About hazard perception
Changes to the test
From Monday 29 March 2021, all learner drivers regardless of their age, must complete and pass the hazard perception test. A new hazard perception test specific for motorcycle learner licence holders is now available.
Hazard perception is an important skill and takes time and experience to develop. Demonstrating you have the ability to identify and safely respond to hazards represents an important step in your journey to becoming a safer driver.
Understanding how to scan the road ahead, recognise a potential hazard and respond safely is a skill that will protect you and others on the road. Having time to make decisions when driving can be the difference between responding safely and having a crash.
Remember the 3-step approach:
- Scan: Continue to scan the road environment and identify risks when driving at all times.
- Recognise: Recognise the difference between potential hazards and hazards that require you to respond. A hazard can be any potential source of danger on or near the road that could lead to a crash. A hazard can come from any direction.
- Respond: Learning to recognise a hazard early allows you to make a well-informed decision on the safest way to respond.
About hazard perception for motorcycle riders
Riding is never risk free, a skilful rider is always thinking ahead, anticipating and responding to hazards to lower their risks. Traffic and road situations change constantly. Skilled riders are always observant of the road environment.

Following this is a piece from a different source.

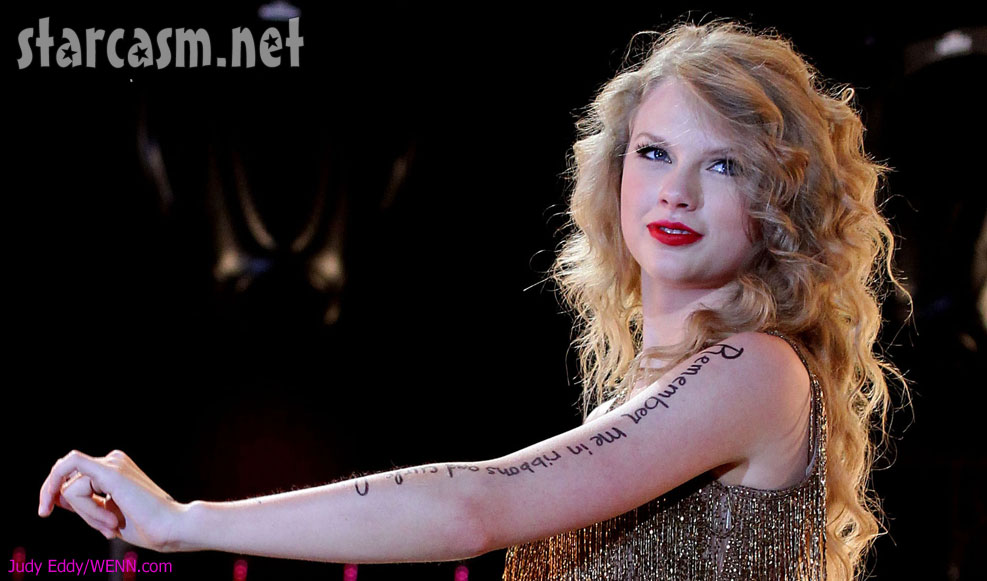 What does taylor swift write on her arms during concerts lyrics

There are 3 key steps to developing good hazard perception skills when riding:
- Slow down
- Move away
Always be on the lookout for potential hazards, reduce your speed so you are able to stop before a hazard. Create some space between you and the hazard by changing your position on the road.
You can apply good observation using the 12, 6, 3 principle:
- Look 12 seconds ahead to scan your surroundings, observe potential hazards, and plan your path.
- Maintain at least 6 seconds of vision of the road ahead to give you time to perceive hazards and take action.
- Keep a 3 second survival space to give you time to respond, and stop if required, to avoid a crash.
Good observation is always being on the lookout for potential hazards, and recognizing situations that may require you to take action while riding.